In around 991 the town was made the seat of the Bishop of Roskilde as part of the conversion of Scandinavia to Christianity. The first stone Cathedral was completed around 1080.

Around 1200 an expansion programme was started and bricks were chosen to be used as a material. Some 3 million bricks were thought to have been used and at the time it was the largest brick building in the world, although it has been overtaken many times since. During the 1400s much work was done on the interior of the Cathedral, but in 1443 a fire swept through Roskilde and much of the Cathedral was destroyed. It was not until 1464 that it once more reopened. At this time the great Royal burial chapel was added at the expense of Christian I.

A hundred years or so later Roskilde’s Bishops tried to stop the spread of Lutheranism but by 1536 there was no going back.

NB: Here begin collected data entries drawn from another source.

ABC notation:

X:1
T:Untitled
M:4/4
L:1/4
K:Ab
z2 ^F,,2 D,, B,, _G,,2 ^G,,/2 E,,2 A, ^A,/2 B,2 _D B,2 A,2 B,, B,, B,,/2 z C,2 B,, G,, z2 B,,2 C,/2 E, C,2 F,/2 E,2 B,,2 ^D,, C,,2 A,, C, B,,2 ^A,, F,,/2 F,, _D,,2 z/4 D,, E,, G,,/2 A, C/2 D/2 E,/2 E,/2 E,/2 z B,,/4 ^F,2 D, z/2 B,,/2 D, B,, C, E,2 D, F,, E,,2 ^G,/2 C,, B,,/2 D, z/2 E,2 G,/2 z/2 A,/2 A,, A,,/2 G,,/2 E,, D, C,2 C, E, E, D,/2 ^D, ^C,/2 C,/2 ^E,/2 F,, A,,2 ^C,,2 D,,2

The last Catholic Bishop, Joachim Rønnow was imprisoned and remained in Copenhagen Castle until he died.

Once the Cathedral ceased to be the centre of Roskilde life the city declined very abruptly as Copenhagen began to rise. It was only because of Roskilde’s position as Royal burial place that it was not looted in the way many major Catholic churches were across Denmark.

The Cathedral continued to be the National Cathedral until 1922 when the Zealand diocese was split into two and Copenhagen Cathedral became the National one instead.

Roskilde continued its descent from capital to little market town and the Cathedral became less and less important in Danish life. In 1968 the spire was destroyed by fire, leaving only the two towers over the west front.

Today Roskilde is a pleasing provincial city and the Cathedral is, despite rather plain appearance outside, one of the most rewarding churches in Denmark and is moving towards becoming a place of national importance once more.